DonorIQ Consulting (DonorIQ) abides by the code of ethics established by the Association of Professional Researchers for Advancement.  Our firm is committed to protecting the data entrusted to us, and to using the information we process for the benefit of our clients.  DonorIQ uses only publicly-available resources to obtain, process, and evaluate data for the purpose of helping nonprofit organizations to improve their philanthropic performance.  DonorIQ does not share the information provided by its clients with any parties other than the respective clients, DonorIQ employees and independent contractors, and databases utilized to fulfill our obligations.  DonorIQ clients retain proprietary ownership of all constituent data that they share with DonorIQ, and possess the right to request the deletion and destruction of DonorIQ copies of their proprietary data at any time. 
 
DonorIQ complies with all applicable privacy regulations set forth in relevant legislation, including the Family Educational Rights and Privacy Act (“FERPA”), the General Data Protection Regulation (“GDPR”), the Health Insurance Portability and Accountability Act (“HIPAA”), and Chapter 93H of the Massachusetts General Laws.  DonorIQ does not obtain, record, or archive bank account numbers, social security numbers, or other unique identifiers that are not available to the public.  Information obtained by DonorIQ for legitimate use typically includes individual names, addresses, business information, philanthropic information, professional affiliations, family information, educational information, and private foundation data, when applicable.
 
DonorIQ adheres to information security protocols that are periodically reviewed to ensure that reasonable measures are undertaken to protect constituent data and privacy. 

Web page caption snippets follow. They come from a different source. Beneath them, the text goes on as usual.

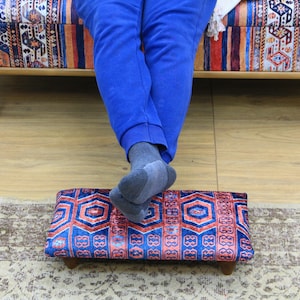 May include: A blue and red patterned footstool with wooden legs. The footstool is sitting on a rug.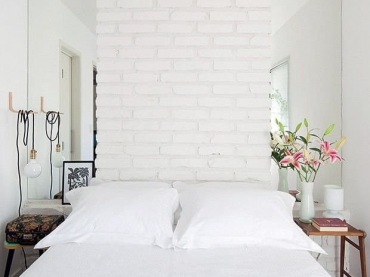 Ściana z białych cegieł za łóżkiem w sypialni nawiązuje do stylu skandynawskiego. Świeże kwiaty w wazonie wprowadzają przyjemny naturalny...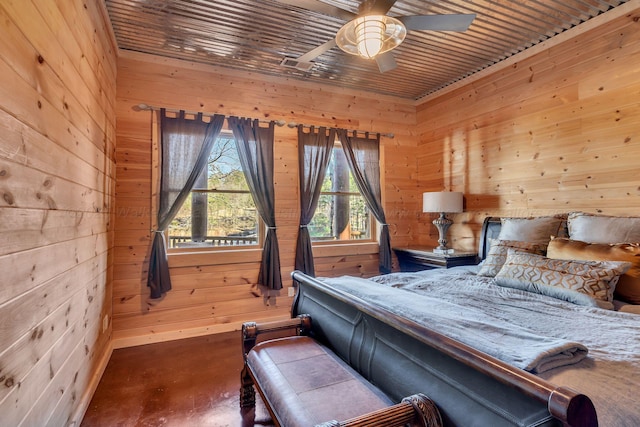 bedroom featuring wooden walls, concrete flooring, and a ceiling fan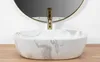 A close-up of a marble-patterned sink with a gold faucet, set against a white wall and a round mirror. Náhled obrázku produktu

DonorIQ is a data processor for the purpose of defining its rights and obligations as specified by the GDPR.  European Union (“EU”) residents are entitled to access their personal information, if any, that is recorded, archived, or otherwise possessed by DonorIQ.  In the event of a security breach, EU residents affected by the breach will be notified of the occurrence, and will receive details regarding the amount of personal information subject to the breach.  Furthermore, EU residents may request corrections, amendments, and limitations to the use of information DonorIQ collects on them, and may request the outright removal of their personal data from electronic devices or hardcopy documents used by DonorIQ.  EU residents may submit requests and inquiries regarding data held by DonorIQ via the contact information provided at the end of this privacy statement; a representative for DonorIQ will respond to such inquiries within sixty (60) days of each request.

DonorIQ may be required to disclose personal information to public officials for purposes concerning law enforcement or national security.  If such an event occurs, DonorIQ will notify the corresponding client(s) of such a disclosure at the discretion of said public officials.